Five years ago, when the Department of Labor first issued an extreme proposal to rewrite the rules governing investment advice, House Republicans made a commitment to workers and small businesses—that we would do everything in our power to protect access to affordable retirement advice. And we’re following through on that commitment.
After five years of raising bipartisan concerns with a controversial “fiduciary” proposal that was written behind closed doors, the House will soon vote on a resolution (H.J. Res 88) to stop this new regulatory scheme before it wreaks havoc on America’s middle class.
As Rep. Phil Roe (R-TN) stated during a House Committee on Education and the Workforce markup of the resolution, “We agree that retirement advisors should serve their clients’ best interests … The problem lies in how the department thinks we should do that.” Unfortunately, the administration’s flawed approach will hurt the very people they purport to help. Here’s how:
- Make it harder for low- and middle-income families to save for retirement. Costly new mandates and burdensome regulations imposed on financial advisors will drive up the cost of retirement advice. As a result, those who need the most help planning for retirement—low- and middle-income families—may no longer be able to afford any advice at all. At a time when 12.3 million Americans hold less than $25,000 in their retirement accounts, we need policies that empower families to save more, not less.
- Restrict the ability of individuals to receive some of the most basic financial advice. The rule severely restricts the advice and educational materials investment professionals can provide. Offering some of the most basic assistance would be much more difficult, including information on rolling over funds from a 401(k) to an IRA.
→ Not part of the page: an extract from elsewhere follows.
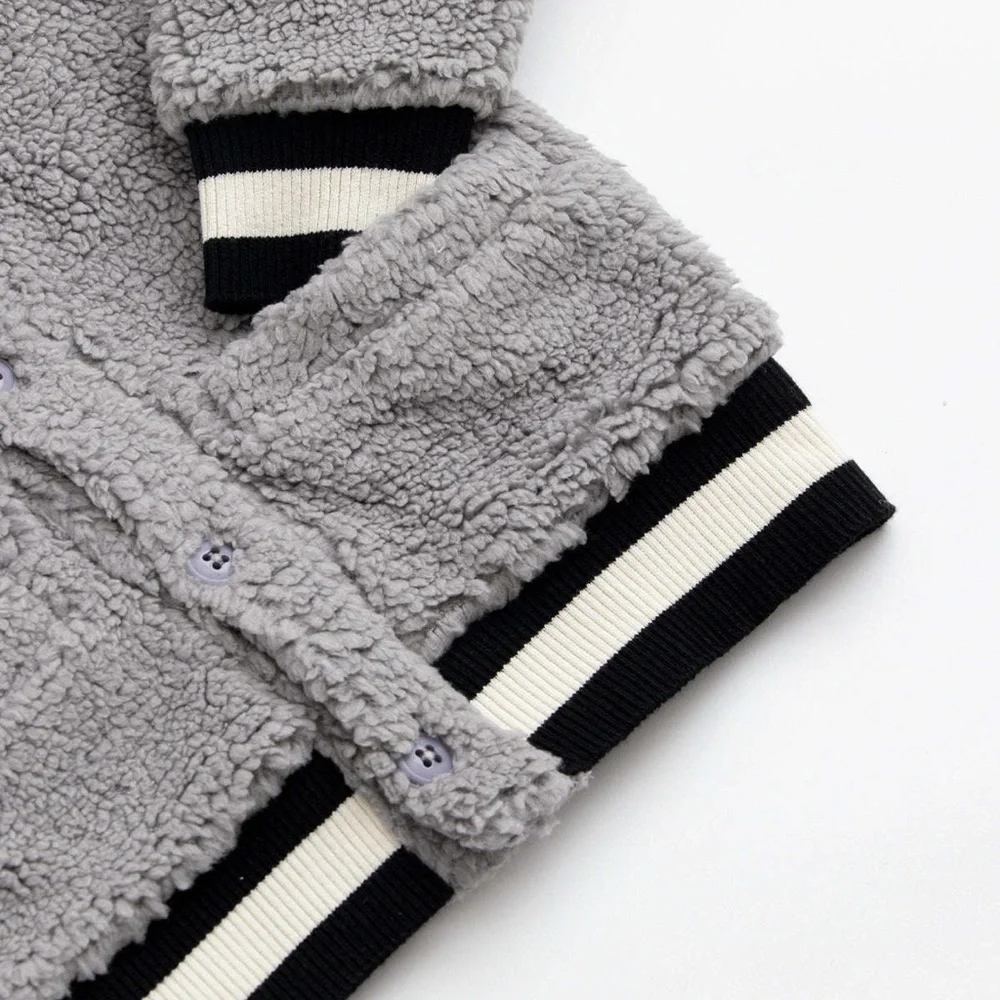 Monica + Andy Grey Sherpa Bomber Hooded Jacket, 3T, NWOT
- Leave many Americans with no choice but to search for financial assistance online. Americans who can no longer afford retirement advice or who lose access to their trusted financial advisor may be forced to fend for themselves and search for the information they need online. But if the administration thinks investors will be satisfied managing their retirement portfolios through online sources, they didn’t check with the American people. A Gallup poll released earlier this year found that most investors would rather have a personal relationship with a trusted financial advisor.
- Create new hurdles for small businesses that will have to pay more to offer their workers retirement options. Small businesses provide nearly half a trillion dollars in retirement savings for 9 million American families. But under this new convoluted regulatory scheme, it will be far more difficult—if not impossible—for them to continue doing so. Many small businesses could be shut out of retirement advice altogether or face significantly higher fees to continue offering their employees savings options. And once again, it’s the workers who depend on those small-employer plans who will be hurt the most.
These are consequences American workers and small businesses simply cannot afford, and they are consequences we can stop before they become reality. Under the
Congressional Review Act, Congress may pass a resolution of disapproval to prevent, with the full force of the law, a federal agency from implementing a rule. Rep. Roe’s resolution to block the fiduciary rule would do just that, and House Democrats should join this important effort. Together, we can block a harmful rule, and get back to advancing
real solutions that will help all Americans access affordable retirement advice and retire with the peace of mind they deserve.